There is no consideration of the implications for this spleen venting beyond the next month's ABC figures, but it seems to be a model in tune with times of uncertainty and economic depression. If we were riding the crest of a booming economy, with the prospects of jam tomorrow instead of bread and dripping, I can't think that the whole Ross/Brand phone pranks story would have garnered the interest it did. Of the 30,000 people who complained to the BBC, about 29,998 never thought to complain until prompted to do so by the media. They bought the papers, logged on to the YouTube postings to enjoy the permission granted by the press to get angry.

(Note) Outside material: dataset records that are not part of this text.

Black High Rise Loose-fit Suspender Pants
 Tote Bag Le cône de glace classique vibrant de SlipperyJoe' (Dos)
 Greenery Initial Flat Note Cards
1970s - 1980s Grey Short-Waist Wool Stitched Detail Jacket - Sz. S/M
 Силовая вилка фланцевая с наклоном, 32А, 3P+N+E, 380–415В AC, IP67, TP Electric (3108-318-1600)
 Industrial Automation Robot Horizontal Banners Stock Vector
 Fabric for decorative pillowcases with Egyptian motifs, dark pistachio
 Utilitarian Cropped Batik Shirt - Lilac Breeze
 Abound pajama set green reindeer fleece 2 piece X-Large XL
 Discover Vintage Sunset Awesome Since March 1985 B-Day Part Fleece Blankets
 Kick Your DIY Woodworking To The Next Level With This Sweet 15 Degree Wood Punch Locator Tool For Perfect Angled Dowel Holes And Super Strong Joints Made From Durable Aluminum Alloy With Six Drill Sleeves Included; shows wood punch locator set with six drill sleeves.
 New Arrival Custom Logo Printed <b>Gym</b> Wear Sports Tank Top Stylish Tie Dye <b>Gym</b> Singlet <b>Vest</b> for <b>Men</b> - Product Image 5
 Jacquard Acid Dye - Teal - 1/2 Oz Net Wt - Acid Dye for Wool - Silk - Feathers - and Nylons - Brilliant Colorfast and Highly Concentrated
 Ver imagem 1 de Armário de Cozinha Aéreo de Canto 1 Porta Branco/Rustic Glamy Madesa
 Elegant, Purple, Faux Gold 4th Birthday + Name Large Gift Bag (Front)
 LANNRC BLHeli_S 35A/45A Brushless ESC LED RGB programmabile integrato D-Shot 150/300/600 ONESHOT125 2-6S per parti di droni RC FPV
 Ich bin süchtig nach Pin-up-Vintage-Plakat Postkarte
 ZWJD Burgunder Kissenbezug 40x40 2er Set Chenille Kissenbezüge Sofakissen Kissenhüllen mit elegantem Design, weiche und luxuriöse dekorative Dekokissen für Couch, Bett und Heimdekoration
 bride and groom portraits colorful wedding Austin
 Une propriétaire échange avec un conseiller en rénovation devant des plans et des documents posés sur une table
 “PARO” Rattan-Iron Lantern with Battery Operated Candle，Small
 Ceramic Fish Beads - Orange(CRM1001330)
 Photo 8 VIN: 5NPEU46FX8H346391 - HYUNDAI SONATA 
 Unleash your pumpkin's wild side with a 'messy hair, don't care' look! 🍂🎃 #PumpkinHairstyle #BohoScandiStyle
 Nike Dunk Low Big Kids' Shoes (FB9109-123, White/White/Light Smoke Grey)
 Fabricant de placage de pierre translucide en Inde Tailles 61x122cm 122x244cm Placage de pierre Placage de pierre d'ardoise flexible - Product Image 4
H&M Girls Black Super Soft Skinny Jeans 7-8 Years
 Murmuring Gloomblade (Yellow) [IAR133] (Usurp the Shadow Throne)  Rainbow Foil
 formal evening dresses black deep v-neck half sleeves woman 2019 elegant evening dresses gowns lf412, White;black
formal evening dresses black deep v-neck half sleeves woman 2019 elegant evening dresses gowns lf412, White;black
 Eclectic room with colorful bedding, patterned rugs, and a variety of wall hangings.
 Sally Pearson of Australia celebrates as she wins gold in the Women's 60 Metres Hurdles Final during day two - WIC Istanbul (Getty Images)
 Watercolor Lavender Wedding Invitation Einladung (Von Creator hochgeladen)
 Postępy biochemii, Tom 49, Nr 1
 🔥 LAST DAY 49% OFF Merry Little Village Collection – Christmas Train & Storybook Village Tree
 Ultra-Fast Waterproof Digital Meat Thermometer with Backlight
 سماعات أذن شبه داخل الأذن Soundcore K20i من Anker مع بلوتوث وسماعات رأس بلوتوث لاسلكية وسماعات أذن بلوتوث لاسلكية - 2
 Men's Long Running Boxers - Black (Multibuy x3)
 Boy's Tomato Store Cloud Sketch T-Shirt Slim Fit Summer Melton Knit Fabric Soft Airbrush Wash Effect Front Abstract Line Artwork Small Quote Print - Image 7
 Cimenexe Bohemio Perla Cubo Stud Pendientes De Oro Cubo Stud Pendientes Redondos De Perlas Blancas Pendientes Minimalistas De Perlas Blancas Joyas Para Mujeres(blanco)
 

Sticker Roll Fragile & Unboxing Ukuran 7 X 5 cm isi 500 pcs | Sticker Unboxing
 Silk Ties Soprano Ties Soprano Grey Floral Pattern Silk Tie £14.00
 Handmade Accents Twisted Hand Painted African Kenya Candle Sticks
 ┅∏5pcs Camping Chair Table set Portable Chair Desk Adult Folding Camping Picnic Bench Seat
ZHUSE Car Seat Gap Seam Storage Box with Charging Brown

This week saw the strategy descend into bathos, as the same set of journos at the start of the week were telling us to be angry about the death of an abused child that, by the end of the same week, urged us to rage about a contestant on Saturday night TV show. There is no quality control - the anger itself is the main thing. So far half a million people have signed a petition with The Sun newspaper following the death of Baby P at the hands of his parents that is revealing in its vagueness: rather than a reasoned assessment of where the fault lies before judgement is made, it demands a mass sacking of anyone who went near the case.

Some might argue this is good for democracy - that at least getting angry is better than the indifference of a non-voting population that feels unengaged with the political process. Personally, I feel P.J. O'Rourke put it best:

"The idea of a news broadcast was once to find someone with information and broadcast it. The idea now is to find someone with ignorance and spread it around."